The structure of the Policy Commissions of the NESG is made up of sub-groups which are otherwise known as Thematic groups. There are 44 thematic groups that make up the policy commission structure of the NESG.

Partnerships

NESG/NGF Economic Roundtable (NNER) 
The NESG/NGF Economic Roundtable (NNER) roundtable is a partnership between the Nigerian Governors’ Forum and the NESG. The roundtable works with sub-nationals to promote economic cooperation in clusters capable of taking advantage of economic corridors to create jobs in logistics, agriculture, storage and others.

Nigeria Triple Helix Roundtable (NTHR) 
The Nigeria Triple Helix Roundtable (NTHR) was launched on the 20th of Sept 2019 as a permanent platform for implementing the government-academia-industry collaboration towards fostering economic growth and national development in Nigeria. It is the first practical expression of the Triple-Helix model in the country, coming after the signing of an MoU between the National Universities Commission (NUC) (for academia) and the Nigerian Economic Summit Group (NESG) (for industry), and the interactive session and retreat which held thereafter.

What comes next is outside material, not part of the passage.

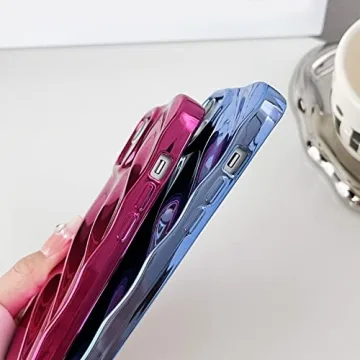 Durable Water Ripple iPhone 14 Pro Max Case Light Silver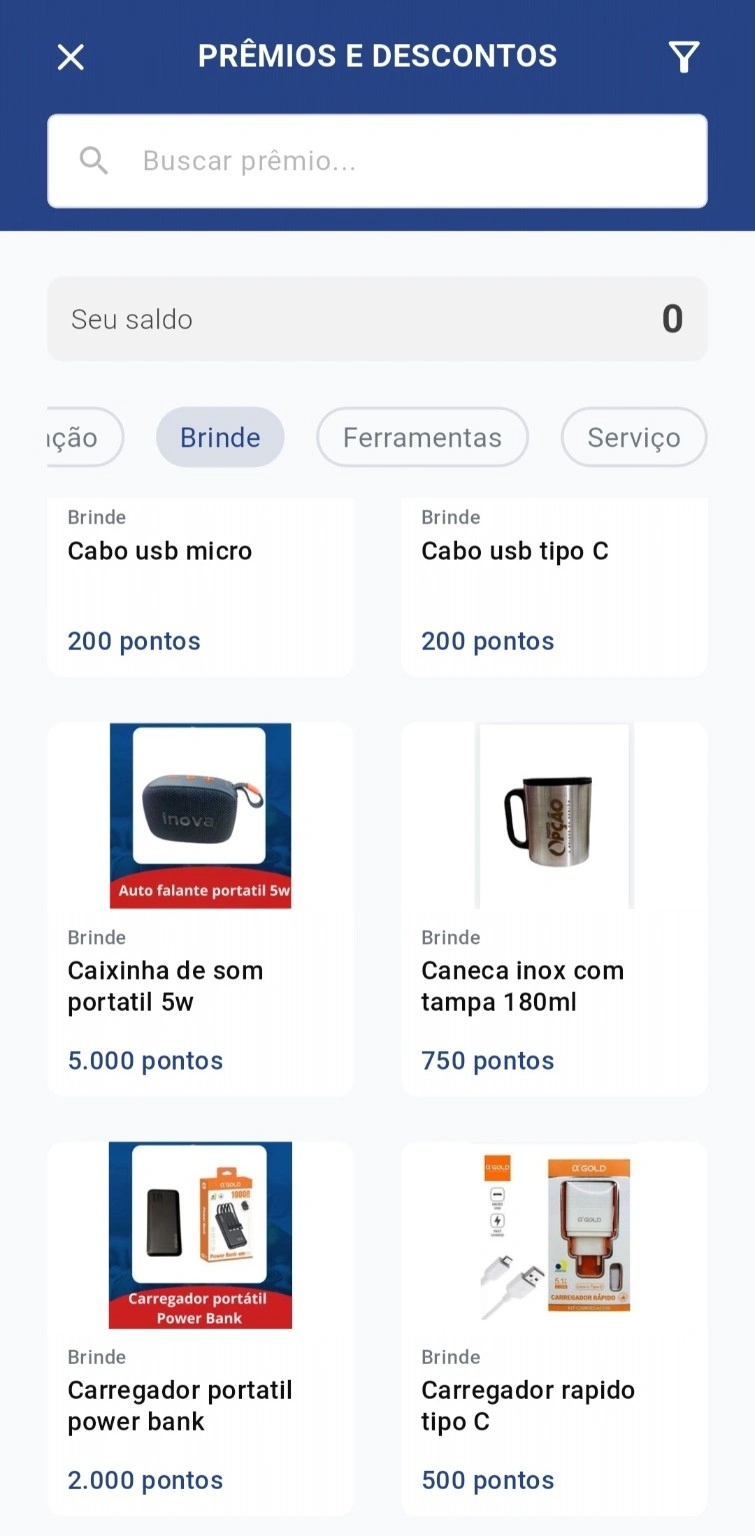 Catálogo de prêmios e brindes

While the primary objective of the academia-industry collaboration is to revitalize the Nigeria higher education system, the broader long-term objective is to facilitate a tripartite partnership between the government, academia and industry such that the three actors can actively collaborate to develop solutions to critical problems and implement an agenda for economic growth. The NTHR seeks to enhance collaboration between these actors for the primary objective of stimulating growth by transitioning into an innovation-led and knowledge-driven economy.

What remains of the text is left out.